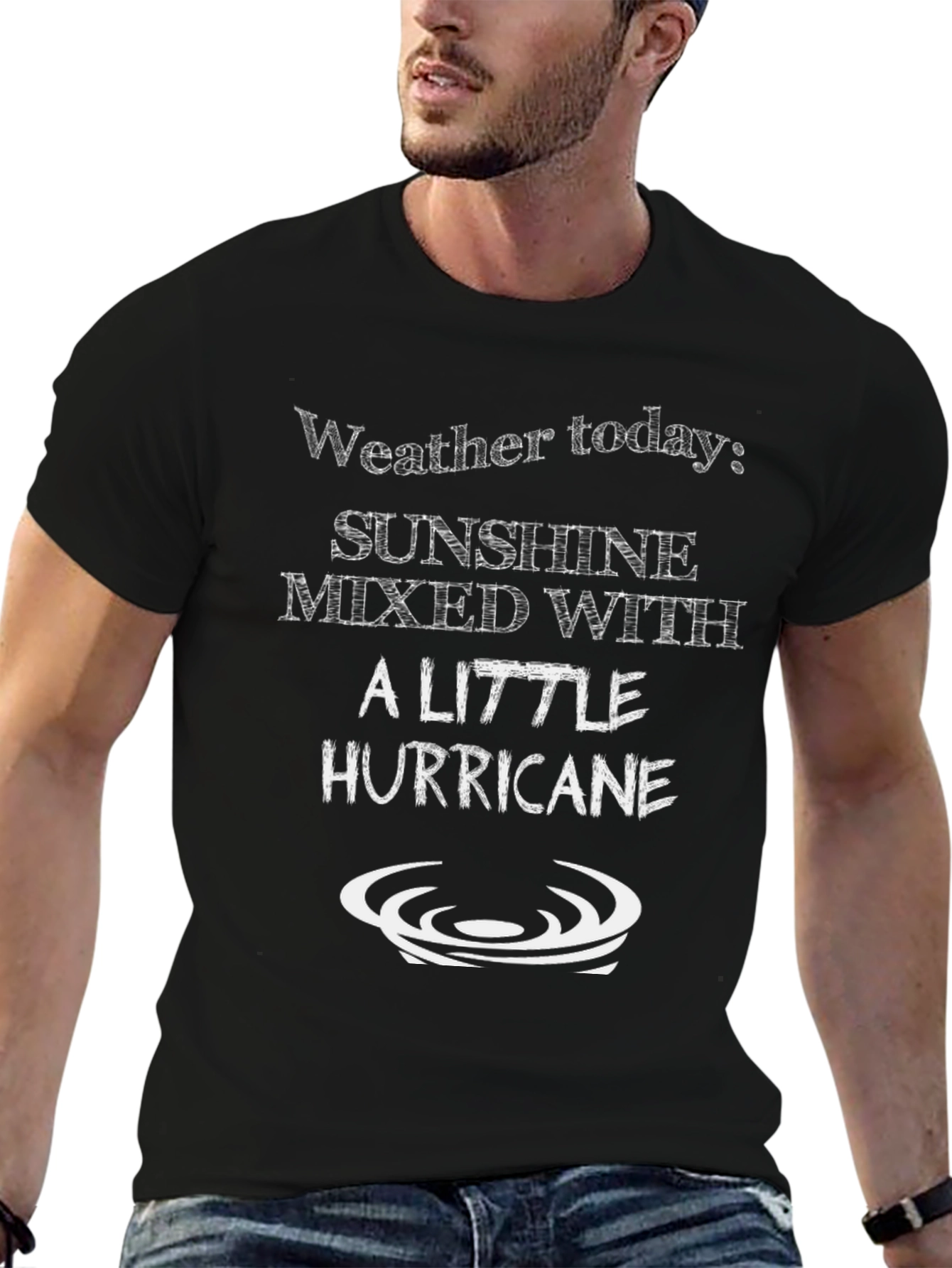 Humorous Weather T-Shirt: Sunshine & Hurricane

-*-*-

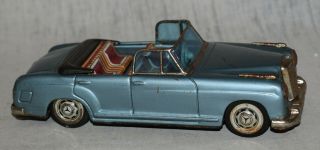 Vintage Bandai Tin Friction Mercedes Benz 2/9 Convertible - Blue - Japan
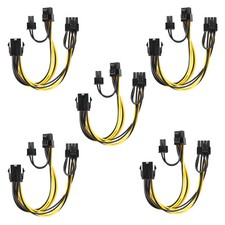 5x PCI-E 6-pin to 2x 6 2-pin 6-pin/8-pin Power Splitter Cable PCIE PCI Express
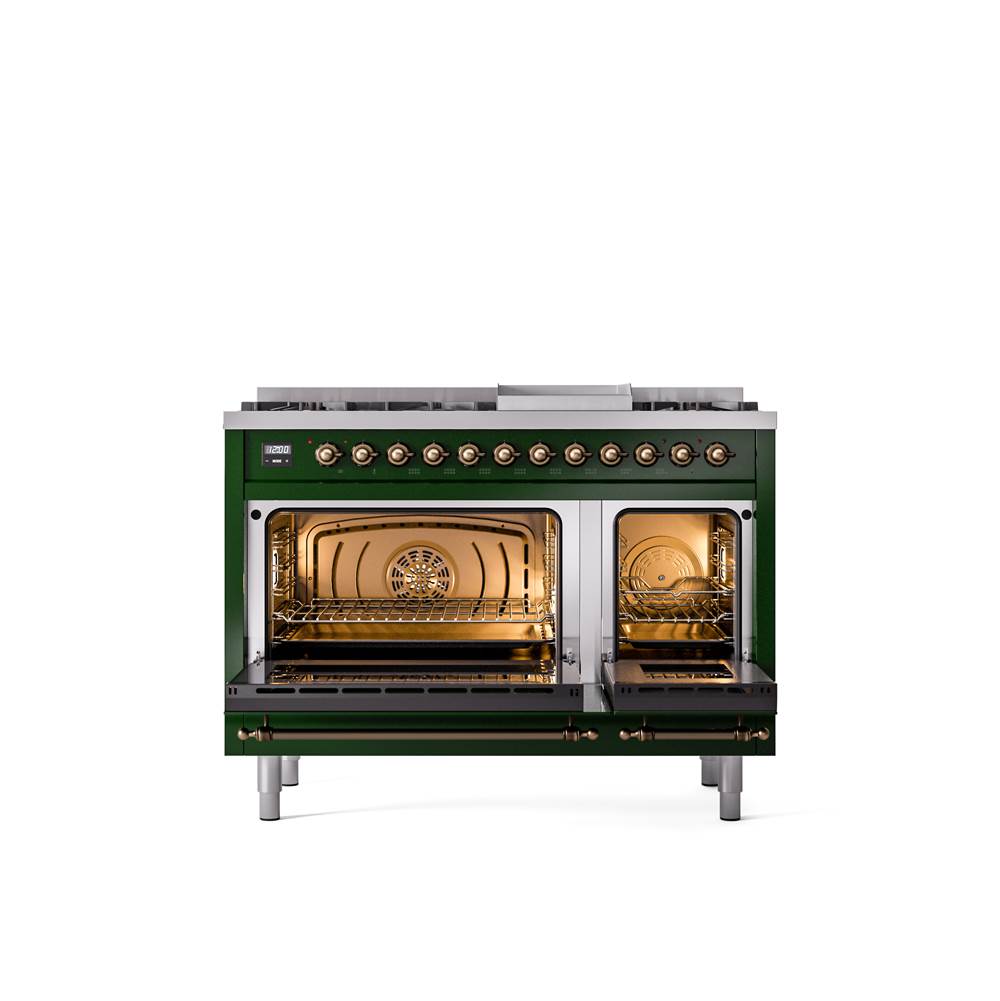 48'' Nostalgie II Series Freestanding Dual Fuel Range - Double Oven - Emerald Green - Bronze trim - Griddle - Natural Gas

-*-*-

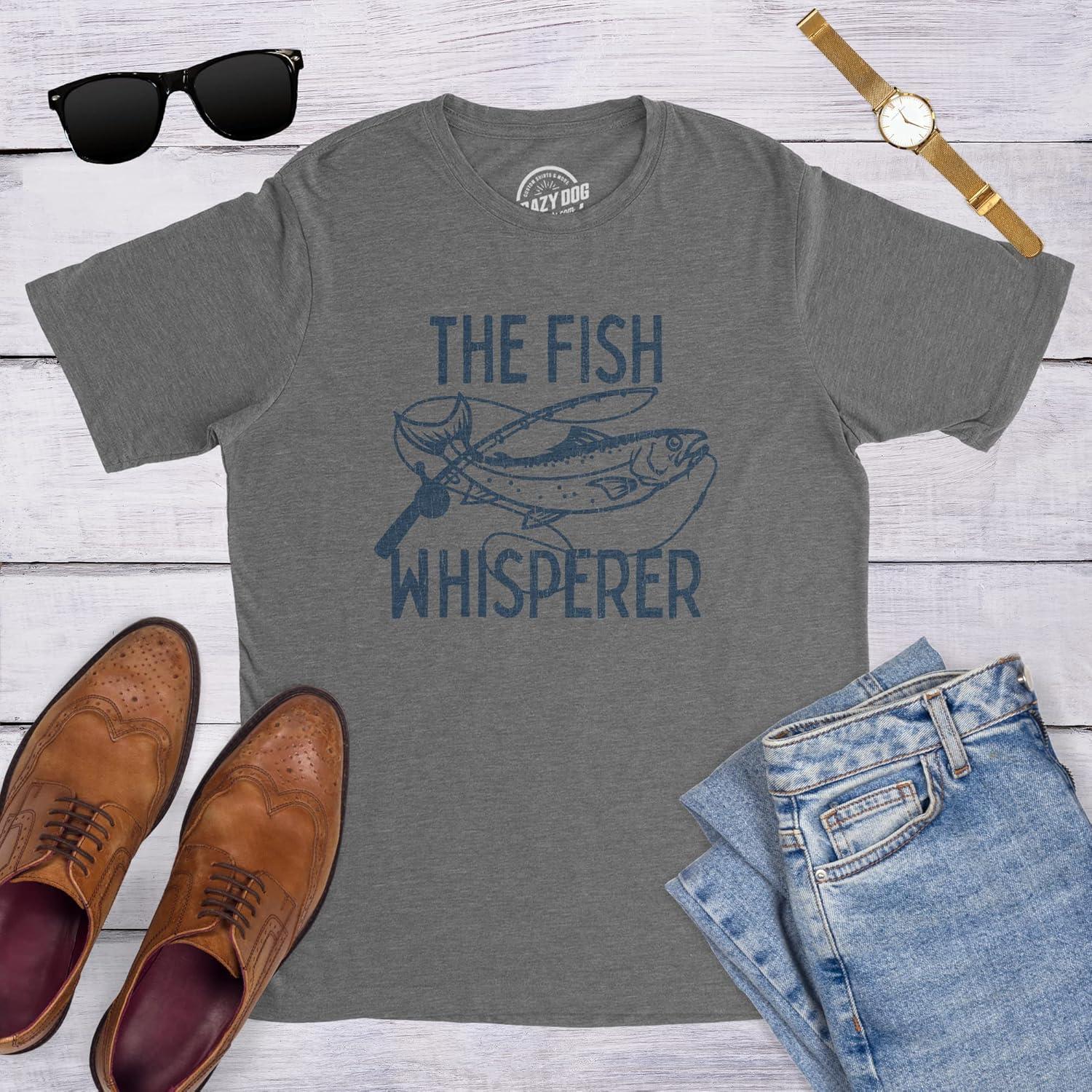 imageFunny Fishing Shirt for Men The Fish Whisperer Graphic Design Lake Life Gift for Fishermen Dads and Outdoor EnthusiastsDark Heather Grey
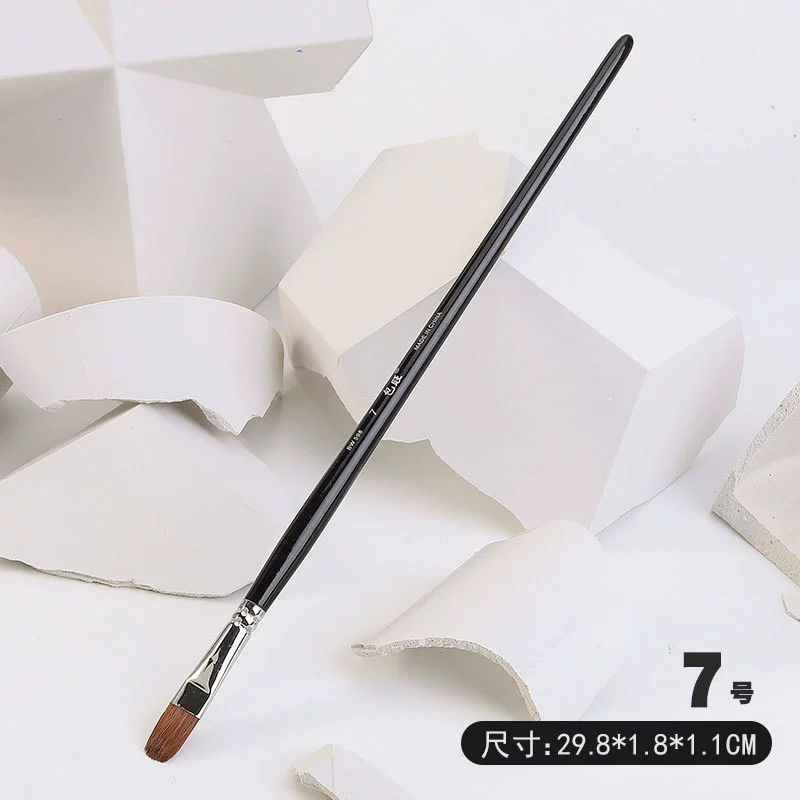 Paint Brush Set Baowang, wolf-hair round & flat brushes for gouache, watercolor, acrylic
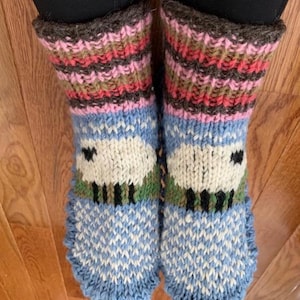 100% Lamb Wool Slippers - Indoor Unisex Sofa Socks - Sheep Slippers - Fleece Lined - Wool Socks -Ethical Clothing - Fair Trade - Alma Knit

-*-*-

From the records above, give again only the part that opens with the line containing "Paint Brush Set" and closes with the line containing "100% Lamb Wool". Keep both ends but drop the pictures.

 Paint Brush Set Baowang, wolf-hair round & flat brushes for gouache, watercolor, acrylic
 100% Lamb Wool Slippers - Indoor Unisex Sofa Socks - Sheep Slippers - Fleece Lined - Wool Socks -Ethical Clothing - Fair Trade - Alma Knit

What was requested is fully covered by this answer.